So, the Mountains and Rivers Sutra, this is a teaching that was written by Dogen. Dogen, he lived in Japan in the 1200s. He’s the founder of the Sōtō Zen school of Buddhism, which is the largest of the three major forms of Zen Buddhism. He founded a monastery in the mountains. For Dogen, the practice of sitting meditation and the experience of enlightenment were essentially one and the same. So, knowing that the path that leads to enlightenment is enlightenment is a very simple and a very profound teaching for me. In the Mountains and Rivers Sutra the teaching after a long teaching about mountains and about water, Dogen teaches that in the end mountains are just mountains and waters are just waters, but I think in that statement, it’s very simple and very profound. I wanted to share some of my thoughts about this.

So, there’s a book called Pointing at the Moon and the authors are Jay Garfield and Graham Priest. In chapter six of the book, it opens up with the statement that goes like this says “Before I studied Zen, mountains were mountains and water was water. After studying Zen for some time, mountains were no longer mountains and water was no longer water, but now after studying Zen longer, mountains are just mountains and water is just water.” This is an expression that has stuck with me since I first heard it several years ago. In fact, I’m pretty sure I’ve mentioned this in the podcast before, but the expression or the concept or the idea that mountains are mountains, water is water and then mountains aren’t just mountains and waters not just water and then after even more time, mountains are just mountains and water is just water is an expression that really resonates with me. I want to share a couple of reasons why.

Dogen taught that when we know something intimately, it ceases to exist and so do we. He alludes to a concept in this Sutra that really speaks to me. In the teaching, he says, “Water’s freedom depends only on water.” Now, the first time I heard that, I thought, “What does that mean water’s freedom depends only on water?” Well, if we think about this, what we perceive always depends on us as one doing the perceiving. This is something that echoes in a lot of Buddhist teachings is that what I perceive has more to do with how I perceive than what the thing is that I’m perceiving. Now, water, again, as the example, when we perceive water, it gets attached to a story that has meaning. For example, a farmer praying for rain perceives water once it starts to rain and might think, “Okay, I’m being blessed. I needed this rain.”

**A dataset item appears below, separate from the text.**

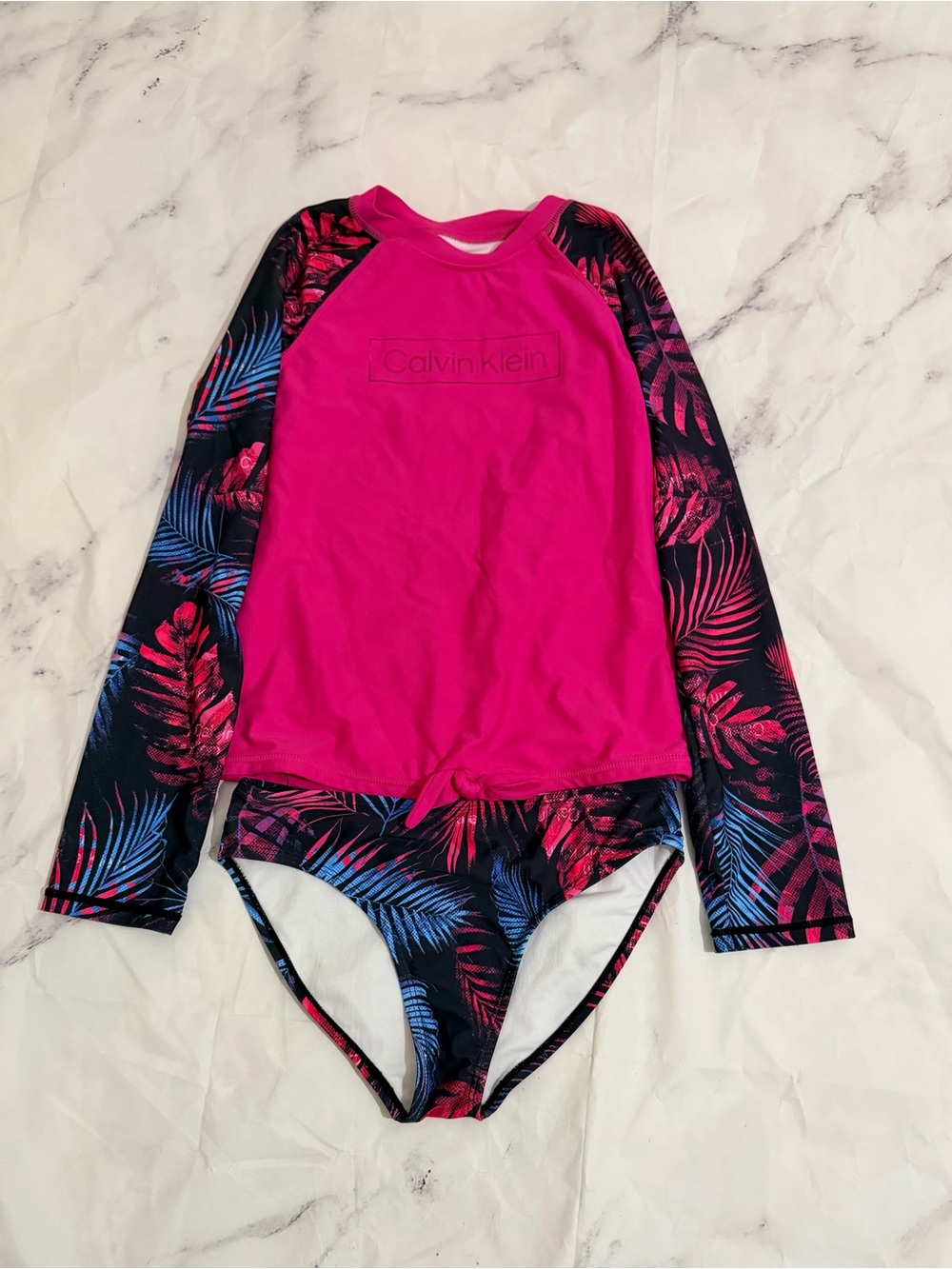 Girls Calvin Klein pink and black two piece swimsuit with blue palm tree leaves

Meanwhile, another farmer who was trying to dry out there, hey, might be praying for the rain to stop or for there to not be rain. When he receives the water or sees the rain may be thinking, “Oh, I’m being cursed.” or I am trying to think of the word that’s the equivalent of curse, but not quite that strong. Maybe I did something wrong and that’s why it’s raining on me or again, a storm or I guess anything that we perceive will be interpreted through the lens of us as the one doing the perceiving. So, in this expression that water’s freedom depends only on water, to me is to say that water is free to just be what it is. When it allows itself to just be what it is, it depends only on itself.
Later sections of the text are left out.